Today, however, I went straight for the breakfast and skipped the run. What can I say? It's the off season!

Around noon or so, the weather was still beautiful, the air was still crisp, the blue sky was still cloudless, and I could stand it no more. Temptation was calling my name... I needed to go outside. I needed to experience a true Florida fall afternoon. I needed to be one with nature!

"I'm going for a run!" I declared out loud.

Nathaniel was sitting in the ugly green recliner and reading one of his helicopter flight manuals. He simply paused, smiled slightly and gave me a wary look. Tabbitha, who had lost the battle for the recliner, was curled up on the couch, pretending to be asleep - but her perked up ears gave her away. I should have been on the couch, getting work done or reading, but I was stir crazy. It's not like my season is totally over I negotiated, I'm still running next weekend, so it's not like a teeny, weeny, tiny, little run would do much harm...

But I was also concerned. Dude - it's been a long season. I just raced last weekend. My body is tired. It needs a break. Hell, I need a break.

But it was SO beautiful outside... and I really didn't remember the last time I ran in the afternoon when the temperature was below 62 degrees. Deal time. Here we go.

Running fast wasn't a priority. Enjoying nature was... the end of the season meant that time off would be critical after this weekend... so, perhaps a trail run? YES YES YES!! SHAZAM!

15 minutes later - after trying to get Nathaniel to go with me(he declined the run because he was hungry and didn't feel up to it. I promised the pace would be of the leisurely sort, more of a pleasure cruise and a chance to enjoy the beginning of the fall color change, but he would hear nothing of the sorts and instead reached for the stir fry, yogurt, and left over German Chocolate USMC birthday cake) - I was bumping along the road, headed to the trails of the University of West Florida. I briefly contemplated wearing a long sleeved shirt - slow pace + wind + 62 degrees + living in Florida = low cold tolerance - but dismissed it after a brief flashback to high school Nordic skiing. If I could handle a 10 degree windchill and snow at the tender age of 16 while sporting a sports bra and spandex biking shorts, surely I could survive a 45 minute jaunt through the autumn Florida woods.

Right before I set off on the trail head, I reminded myself the main reason why trail running was acceptable today. Sure, the woods were beautiful, the trees were (finally) changing color, and I was truly looking forward to the opportunity to be outside. However, the real reason lay in the knowledge that: me + trail running = potential for serious injury. Okay, that doesn't sound right. Too bad it's true. In all honesty, I love trail running, but I tend to be a bit of a klutz. The uneven terrain, random roots, dry twigs, unseen objects in the path (rocks, small animals, shoelaces, big feet - those kinds of things), in the past have caused me to rub noses with the dirt on more than one occasion.

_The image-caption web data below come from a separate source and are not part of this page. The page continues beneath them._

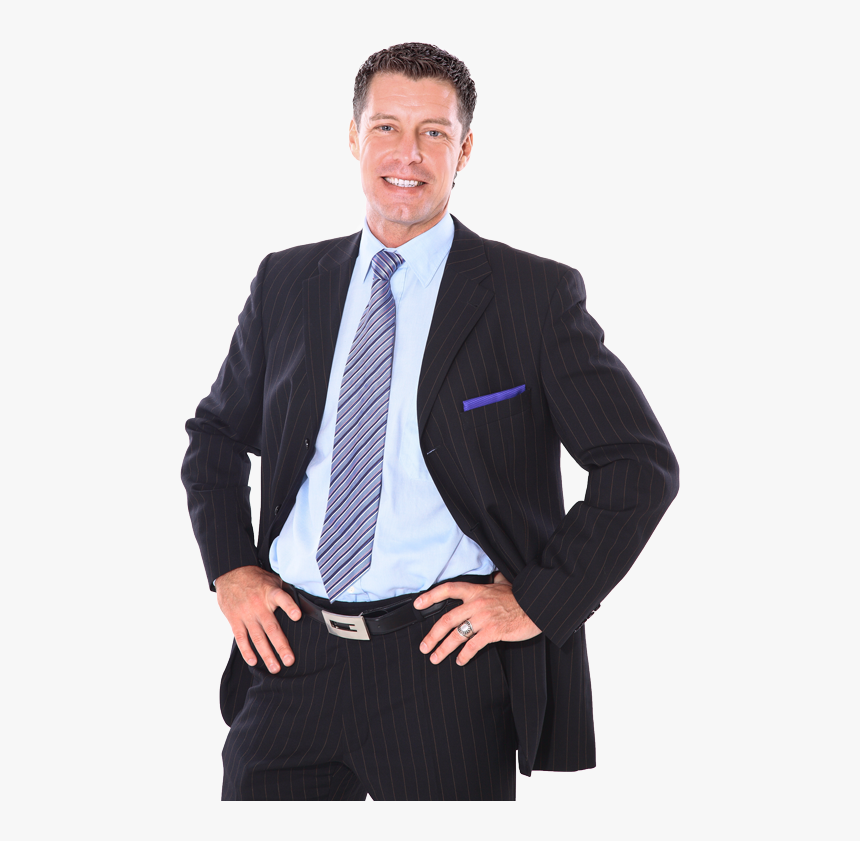 Handsome Business Man - Real Estate Agent Man, HD Png Download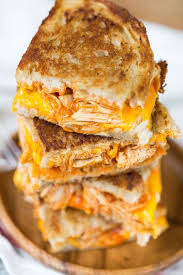 Buffalo Chicken Grilled Cheese Sandwiches Recipe Diy Food Recipes Recipes Buffalo Chicken Grilled Cheese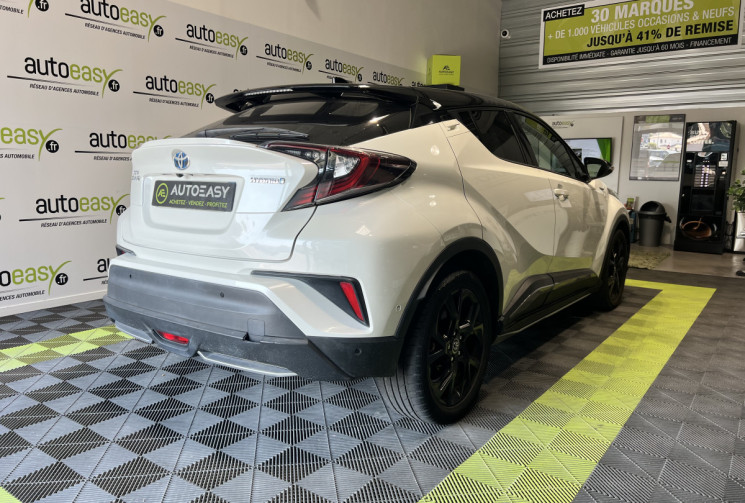 Toyota C-HR 1.8 HYBRID 122 CH GRAPHIC PACK PREMIUM / PACK SPORT 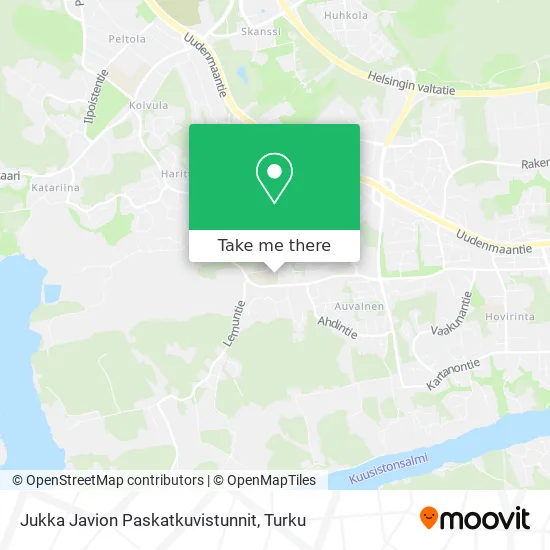 Jukka Javion Paskatkuvistunnit map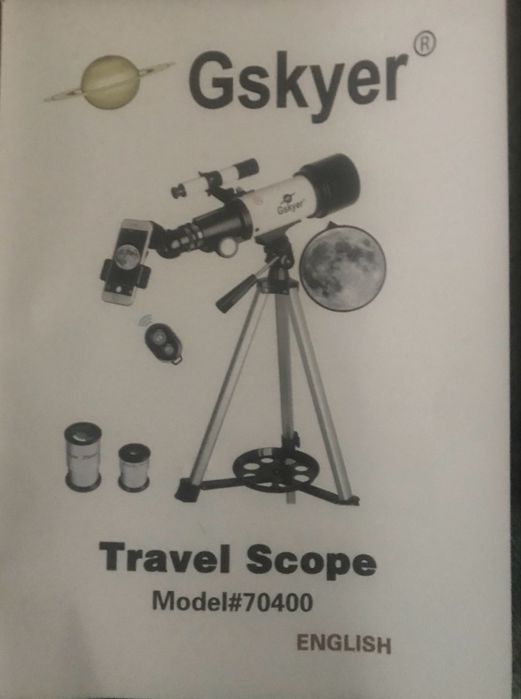 Продам телескоп Gskyer 70400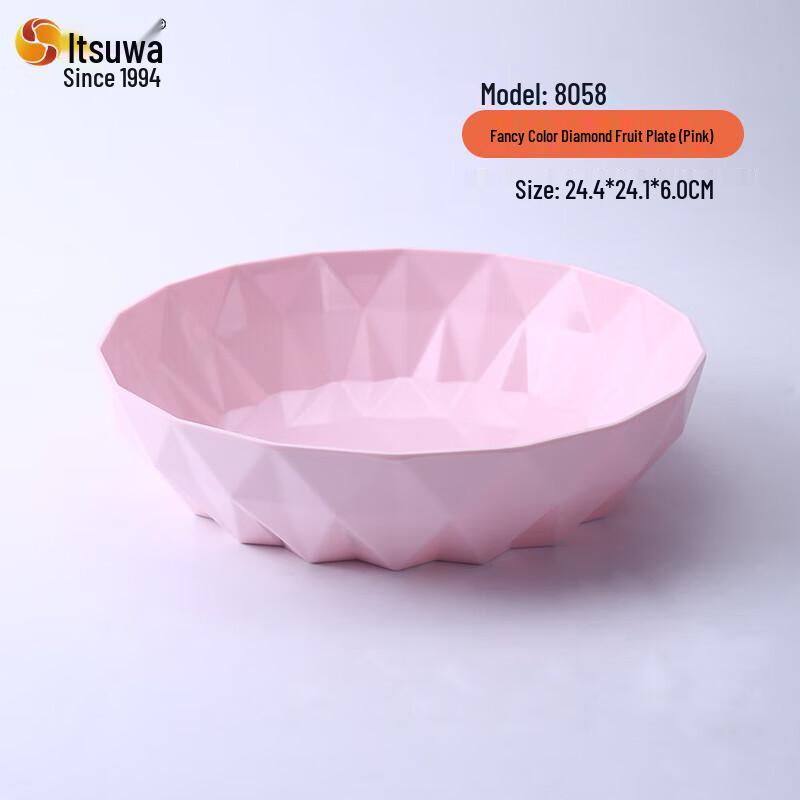 Wuhe European Melamine Decorative Serving Plate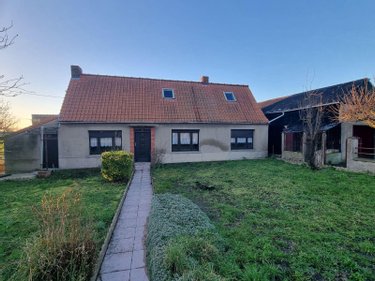 Maison a vendre Looberghe 59630 Nord 91 m2  157500 euros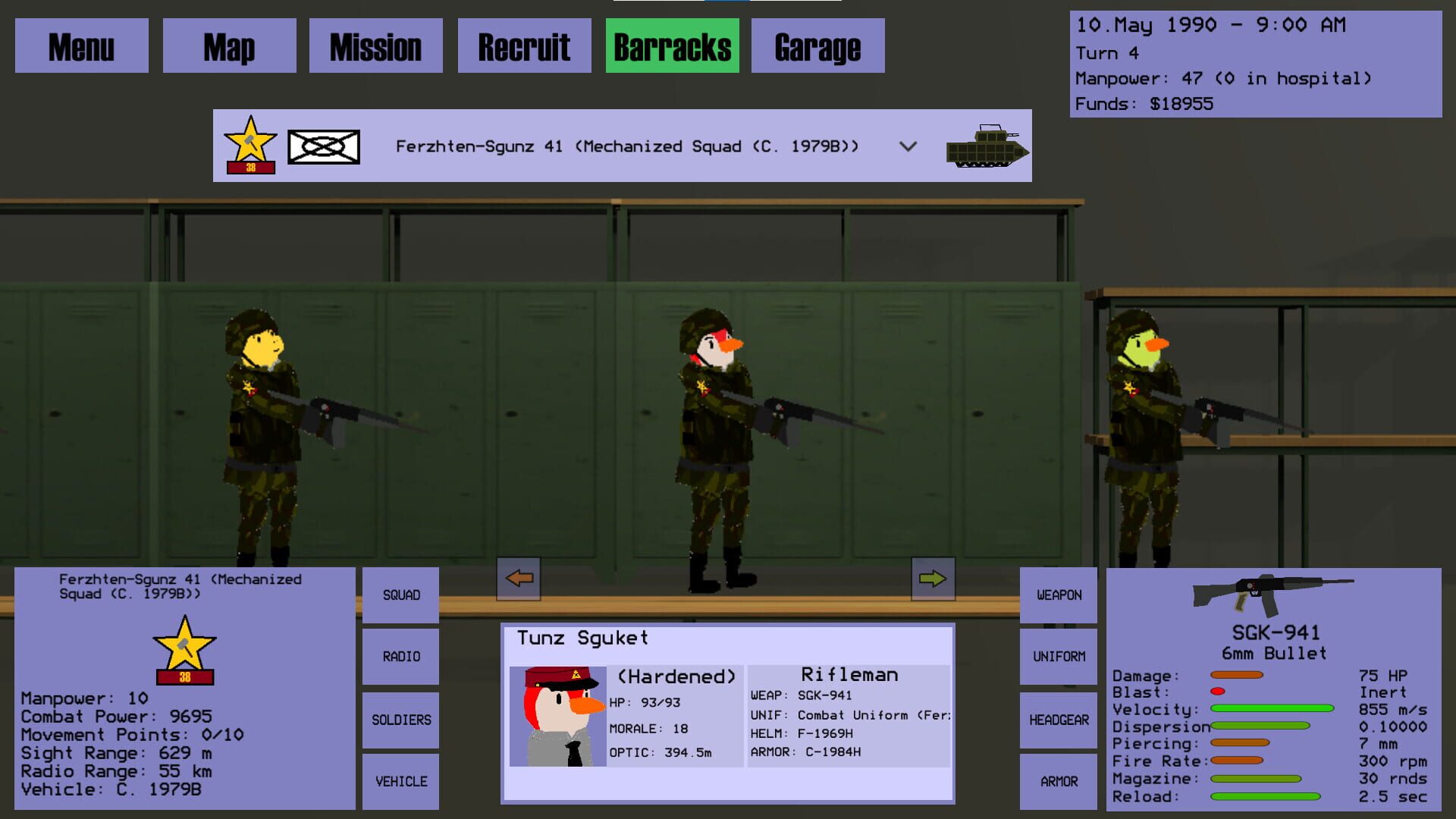 Game screenshot
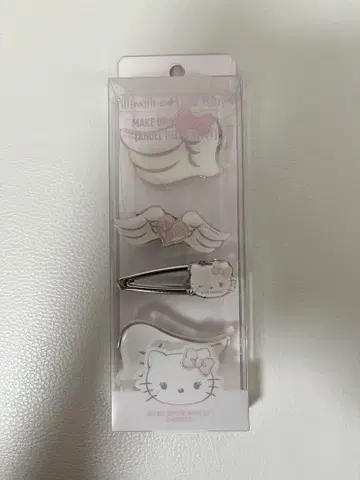 헬로키티 헤어 클립 세트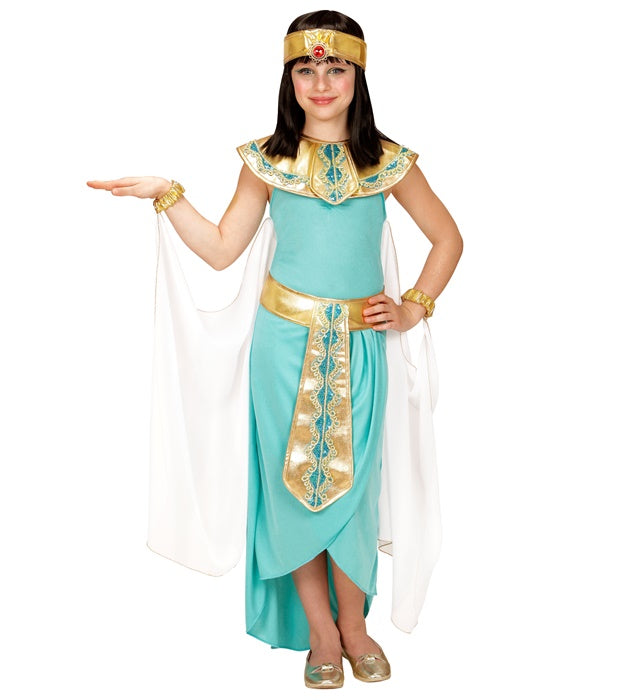 Egyptian Queen  Dress, Belt, Collar, Cuffs, Headpiece, Cape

Therefore, since careful contemplation after a particularly embarrassing incident where I took brief but spectacular flight after tripping on an extremely large tree root in front of several witnesses, my new equation has become: me + SLOW trail running (allowing for careful observation of my surroundings) = SAFE, injury free run. Much better!

I set off on the trail, and was immediately a happy camper. Yours truly made the right call. No worrying about heart rate, no worrying about honks from passing cars, no worrying about looking fat in my running gear (no one around) - it was just me and Good Old Mother Nature. After three minutes of running parallel to Campus Drive I hung a left at the red trail marker and headed down the trail towards the creek bed and the trail system on the west end of campus. The path took a steep turn, and I navigated the downhill with caution. The deep sand and occasional large rock had me watch my footing like a hawk. I made my way slowly around the sharp right handed turn and was greeted with an unexpected sight. The bridge that crossed the creek was no longer there. Great. Normally, this wouldn't be that big of a deal. But for some reason, our little creek had flooded, was flowing quickly, and was surrounded by muddy banks. A very thoughtful person/persons had set up a crude bridge for crossing. It consisted of a few large tree trunks over the creek, and several smaller branches perched slightly above the mud.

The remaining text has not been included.